▶ _Exercise objective_: Nothing but the pictures gets dropped; retype every entry exactly.

▶ _Entries provided_:
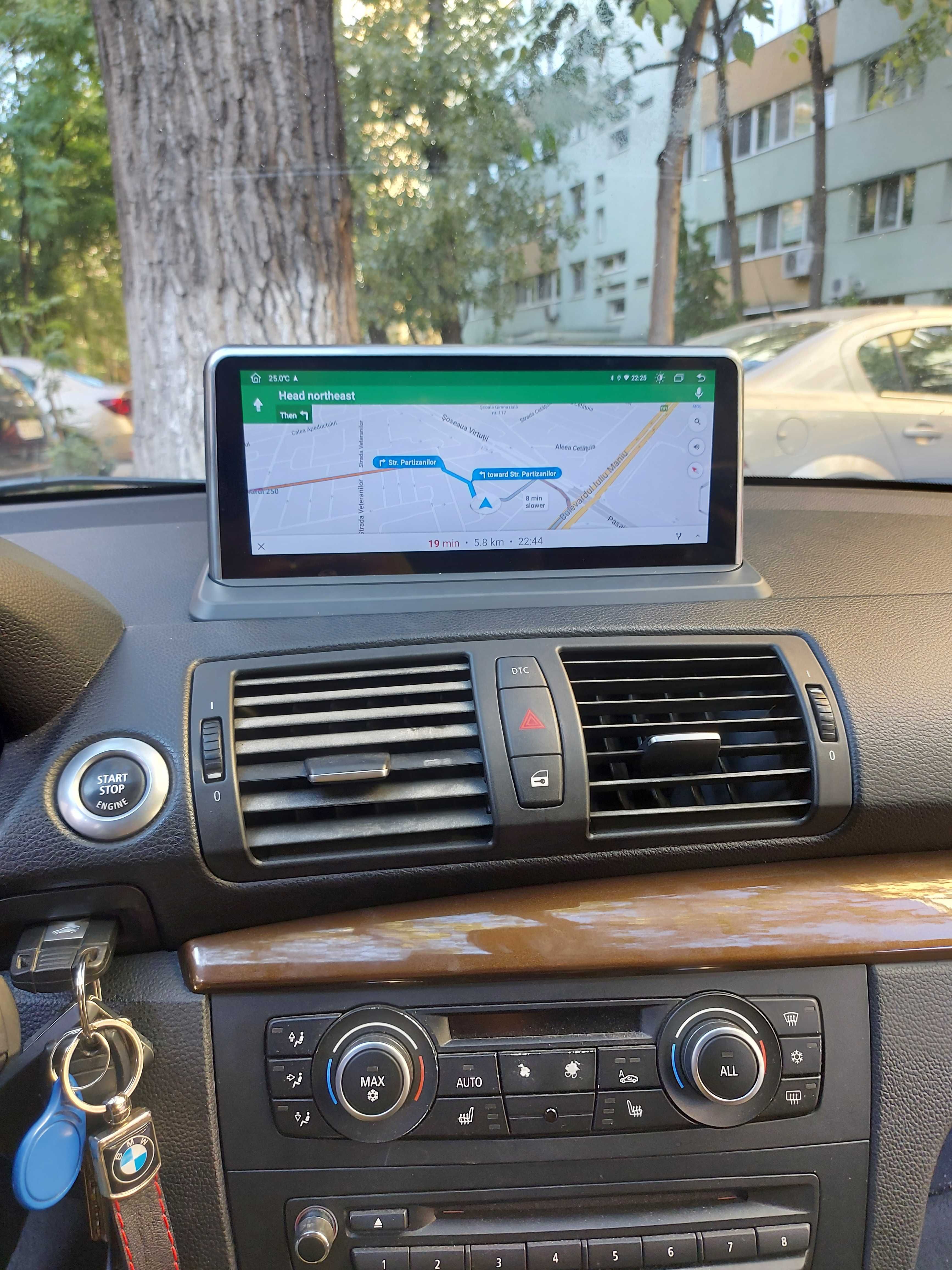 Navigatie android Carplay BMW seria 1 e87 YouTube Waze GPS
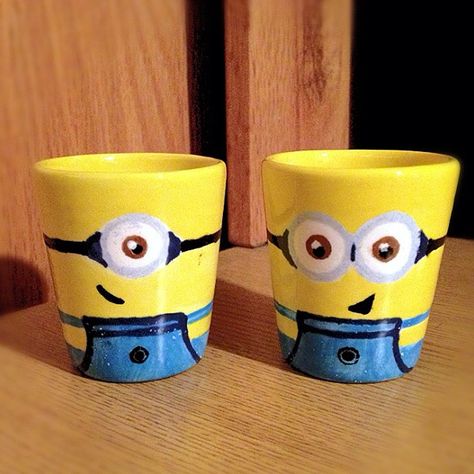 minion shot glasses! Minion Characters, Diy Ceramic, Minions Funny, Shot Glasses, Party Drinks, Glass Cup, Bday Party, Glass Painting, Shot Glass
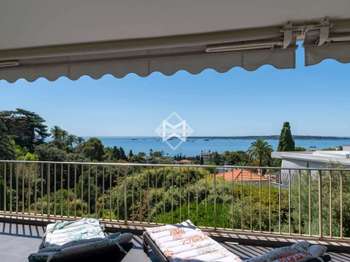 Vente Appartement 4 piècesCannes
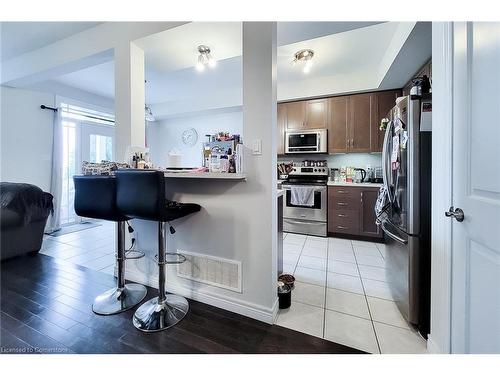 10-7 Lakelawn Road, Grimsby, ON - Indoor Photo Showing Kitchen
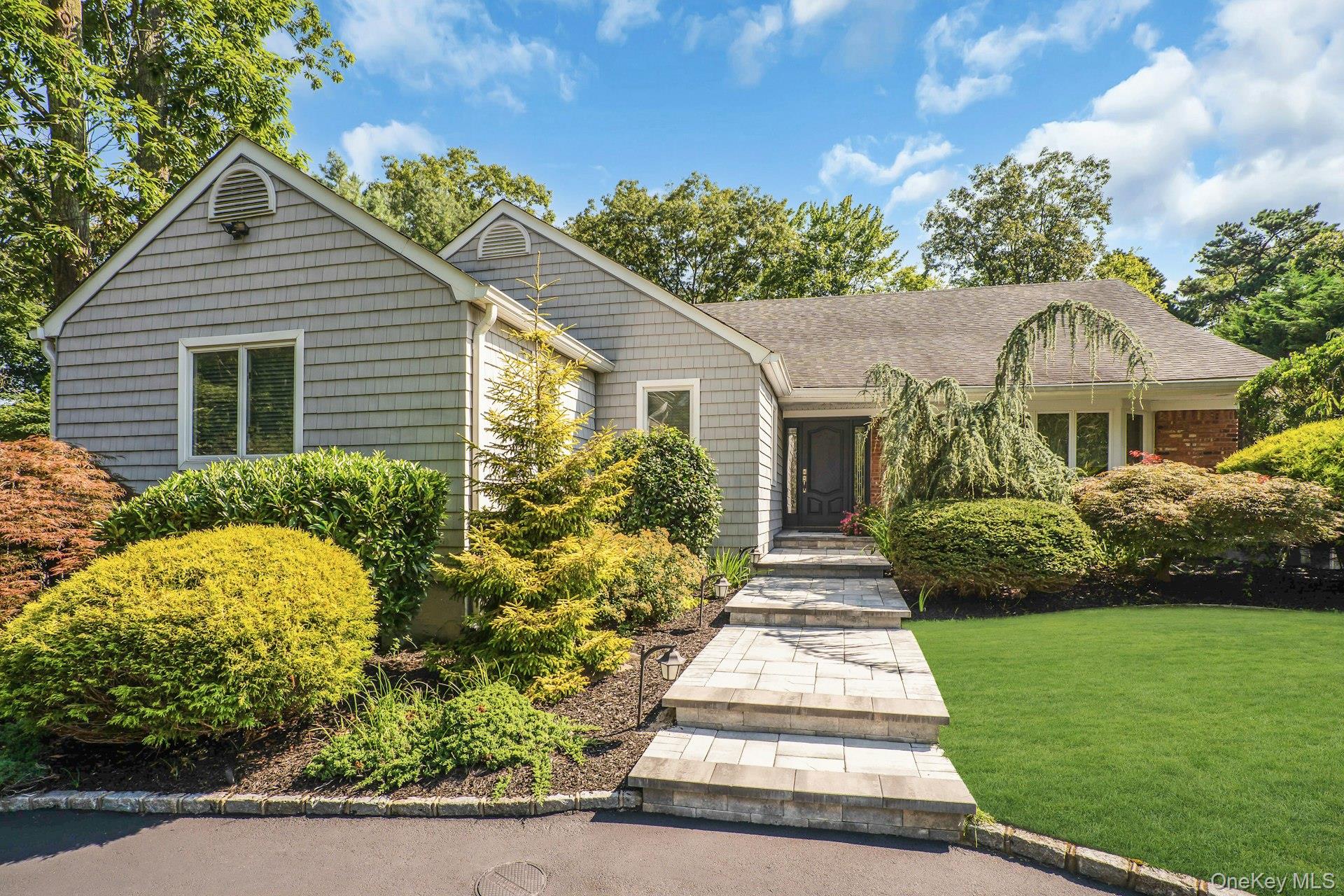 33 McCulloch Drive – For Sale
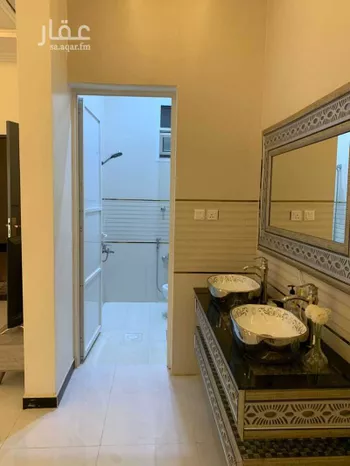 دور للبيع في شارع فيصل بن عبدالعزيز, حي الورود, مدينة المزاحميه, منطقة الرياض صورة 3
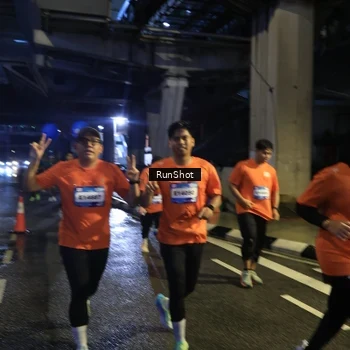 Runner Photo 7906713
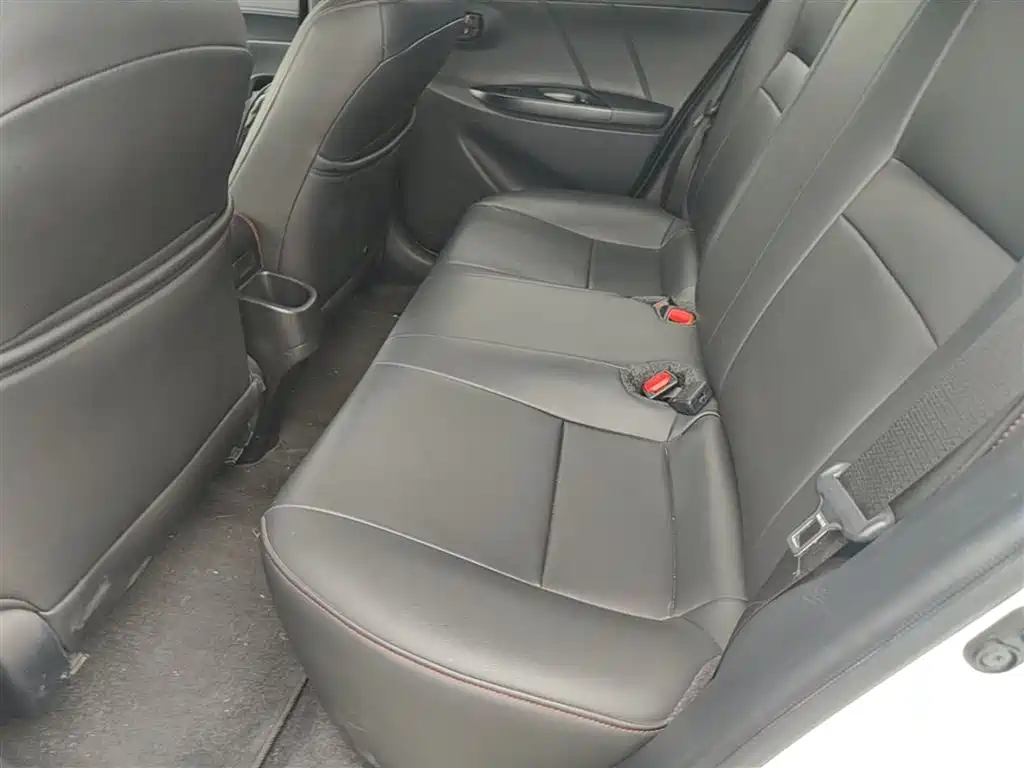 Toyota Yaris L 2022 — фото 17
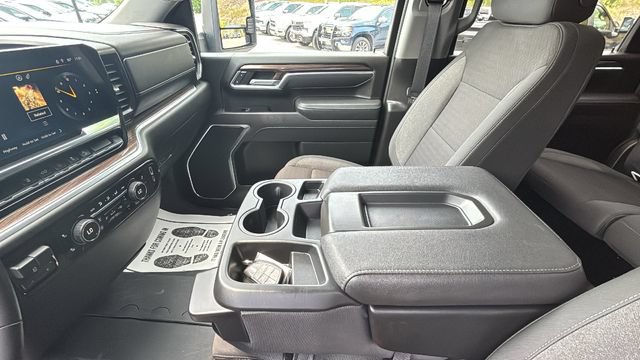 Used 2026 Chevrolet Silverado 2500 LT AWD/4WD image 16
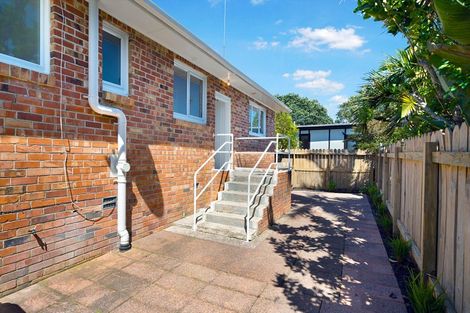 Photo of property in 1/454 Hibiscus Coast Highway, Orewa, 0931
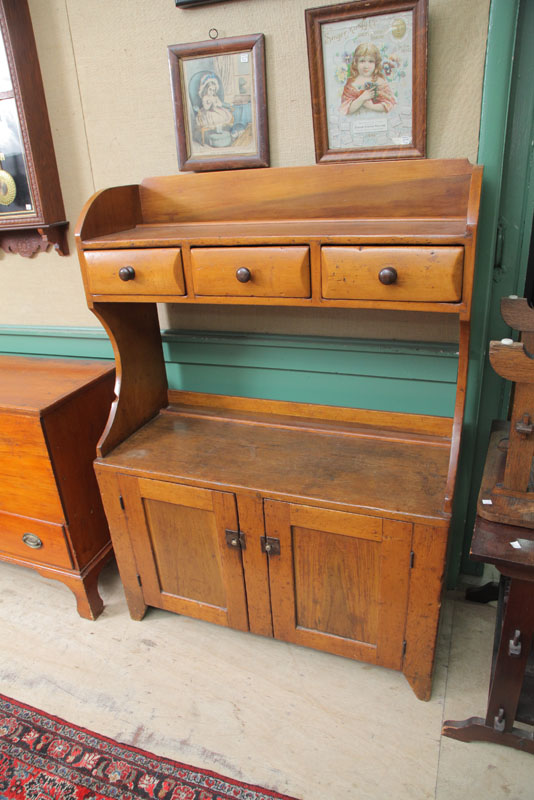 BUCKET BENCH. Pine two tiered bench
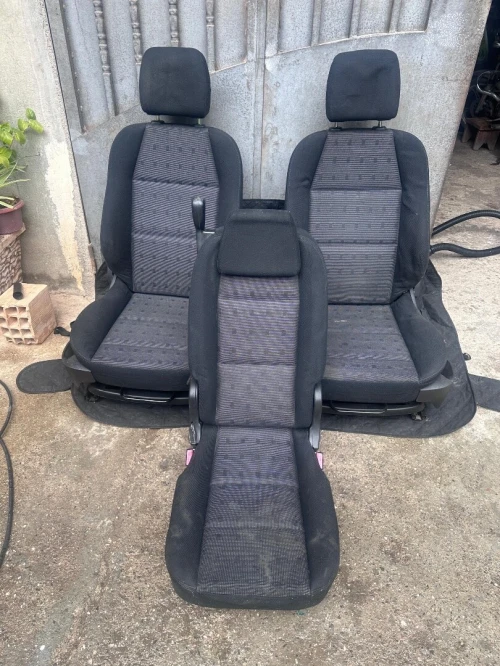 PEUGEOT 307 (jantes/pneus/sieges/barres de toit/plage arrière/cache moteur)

▶ _Problem solution_:
 Navigatie android Carplay BMW seria 1 e87 YouTube Waze GPS
 minion shot glasses! Minion Characters, Diy Ceramic, Minions Funny, Shot Glasses, Party Drinks, Glass Cup, Bday Party, Glass Painting, Shot Glass
 Vente Appartement 4 piècesCannes
 10-7 Lakelawn Road, Grimsby, ON - Indoor Photo Showing Kitchen
 33 McCulloch Drive – For Sale
 دور للبيع في شارع فيصل بن عبدالعزيز, حي الورود, مدينة المزاحميه, منطقة الرياض صورة 3
 Runner Photo 7906713
 Toyota Yaris L 2022 — фото 17
 Used 2026 Chevrolet Silverado 2500 LT AWD/4WD image 16
 Photo of property in 1/454 Hibiscus Coast Highway, Orewa, 0931
 BUCKET BENCH. Pine two tiered bench
 PEUGEOT 307 (jantes/pneus/sieges/barres de toit/plage arrière/cache moteur)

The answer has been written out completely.